The setting of the Cullinan I into the Sovereign's Sceptre, completed in 1910 for the coronation of King George V, represents perhaps the most technically demanding commission ever entrusted to a British jeweller. The stone — a pendeloque brilliant of exceptional size — required a specially engineered platinum mount capable of supporting its weight within the sceptre's existing structure while remaining removable for separate display. Garrard's craftsmen accomplished this with a detachable fitting that allowed the diamond to be worn as a brooch independently of the sceptre, a solution that reflected both technical ingenuity and an understanding of the stone's dual role as jewel and symbol of state.

The Albemarle Street Premises

Garrard relocated to Albemarle Street, Mayfair, in 1911, and the address became inseparable from the firm's identity. Albemarle Street had long been associated with intellectual and cultural distinction — the Royal Institution is located there, and the street's Georgian townhouses had housed notable residents across the arts and sciences. For Garrard, the address conferred a quiet authority appropriate to a house that served both the Crown and the most discerning private clients. The showrooms were appointed in the manner of a distinguished private house rather than a commercial establishment, a deliberate aesthetic choice that reinforced the firm's positioning at the very summit of the trade.

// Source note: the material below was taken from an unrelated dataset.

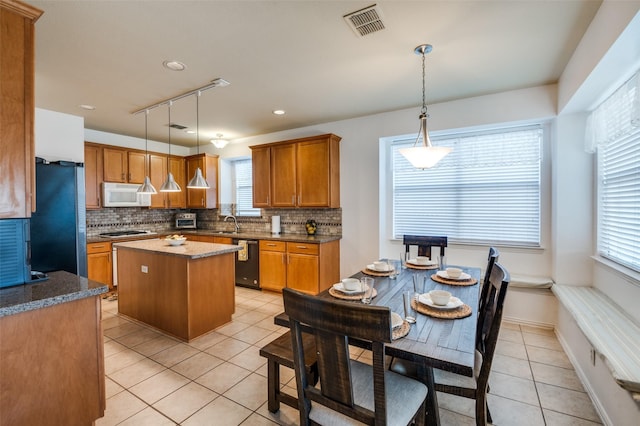 kitchen with a healthy amount of sunlight, a center island, hanging light fixtures, and black appliances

Over the decades at Albemarle Street, Garrard produced work across the full range of fine jewellery: tiaras, parures, necklaces, brooches, and rings set with the finest coloured gemstones and diamonds available on the international market. The firm maintained close relationships with the major gem-trading centres — Antwerp for diamonds, Colombo and Bangkok for coloured stones — and its buyers were active at the principal auction houses and in the private treaty market. Commissions from Indian maharajas, Middle Eastern royal families, and South American elites supplemented the steady flow of aristocratic British patronage.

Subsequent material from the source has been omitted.